ROCm / hipBLASLt

hipBLASLt is a library that provides general matrix-matrix operations with a flexible API and extends functionalities beyond a traditional BLAS library
https://rocm.docs.amd.com/projects/hipBLASLt/en/latest/index.html
MIT License
40 stars 56 forks source link

Build Failure During Tensile Libraries Generation #115

Open hovertank3d opened 1 year ago

hovertank3d commented 1 year ago

Local ROCm version: 5.2.5.1 hipBLASLt version used in build: release/rocm-rel-5.5 Python version: 3.10 CPU: POWER9 GPU: gfx906

The hipBLASLt requirement arose for us re: bitsandbytes-rocm/ops.cu:400 that is required for 8-bit loading of HuggingFace language models. Unfortunately, the current implementation seems to rely on hipBLASLt for 8-bit matmul, and lacks in 4-bit implementation. Would you say that for gfx906/gfx908, hipBLASLt provides an advantage in 8-bit or 4-bit inference compared to hipBLAS code?

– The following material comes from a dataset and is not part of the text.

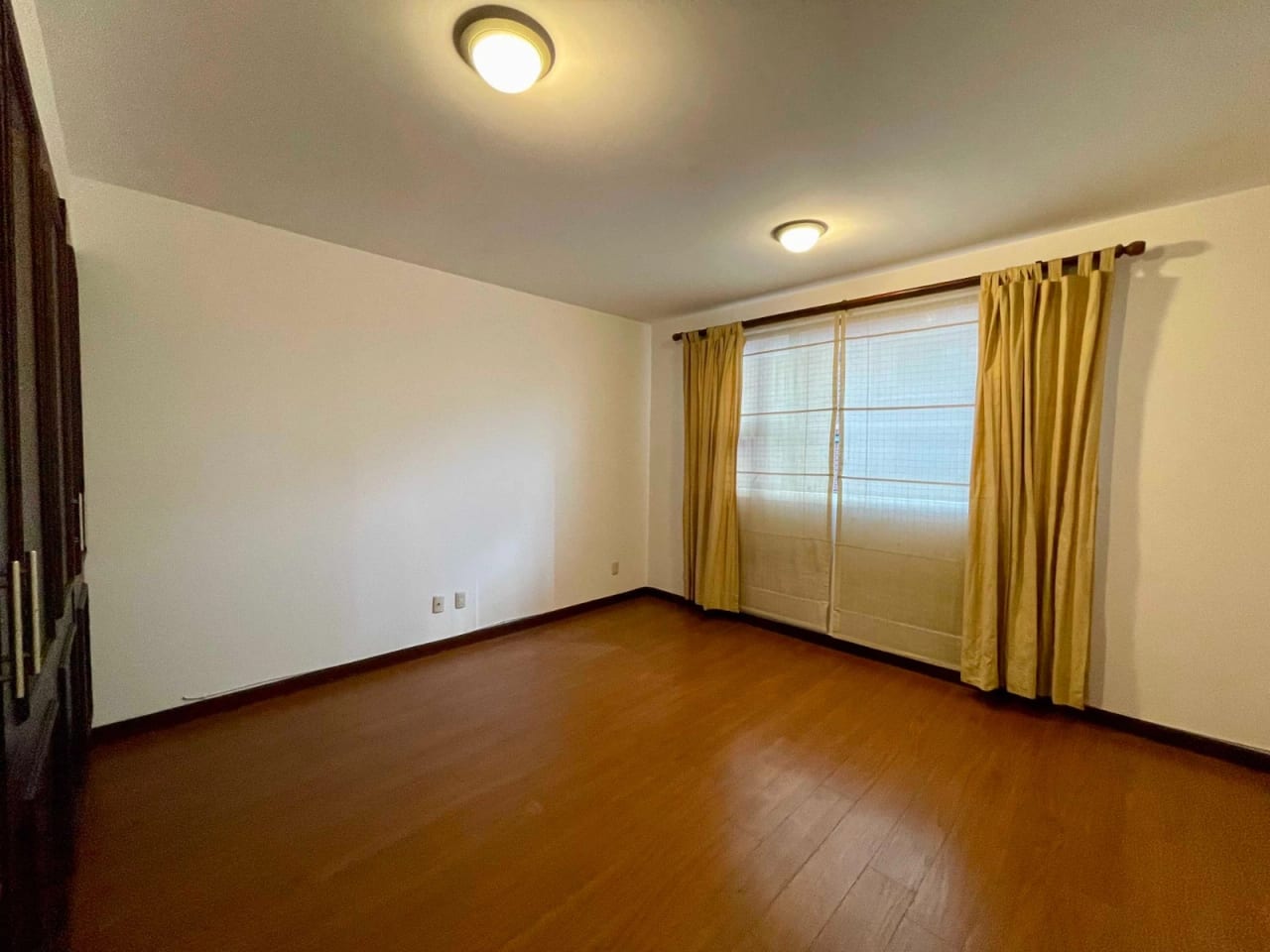 Apartamento en alquiler, Edificio Vivaldi, zona 14 — Apartamento en Venta en Vivaldi, Zona 14, Guatemala, Ciudad — foto 8 de 9
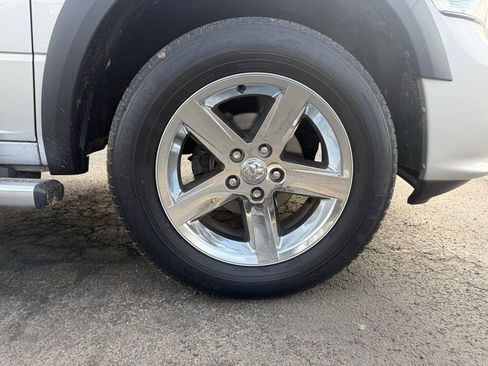 Used 2017 RAM 1500 Express AWD/4WD image 45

During the build process, the following commands were used:

CMake command: `cmake -DAMDGPU_TARGETS=gfx906 -DCMAKE_BUILD_TYPE=Release -DCMAKE_CXX_COMPILER=hipcc -DCMAKE_C_COMPILER=hipcc -G "Unix Makefiles" ..`
Make command: `make -j16`

CMake did not report any errors. However, the build failed at the "Generating Tensile Libraries" target, immediately after displaying the message "Reading logic files: Launching 32 threads...". The build failure persists even when configuring using install.sh with AMDGPU_TARGETS hardcoded to gfx906.

traceback:

cmake.log make.log

rocminfo: rocminfo.txt

Update: Seems the same error appears when compiling with ROCm 5.5.

jichangjichang commented 1 year ago

@hovertank3d hipBLASLt only support gfx90a so far. You can find the supported data types and hw requirement from Readme.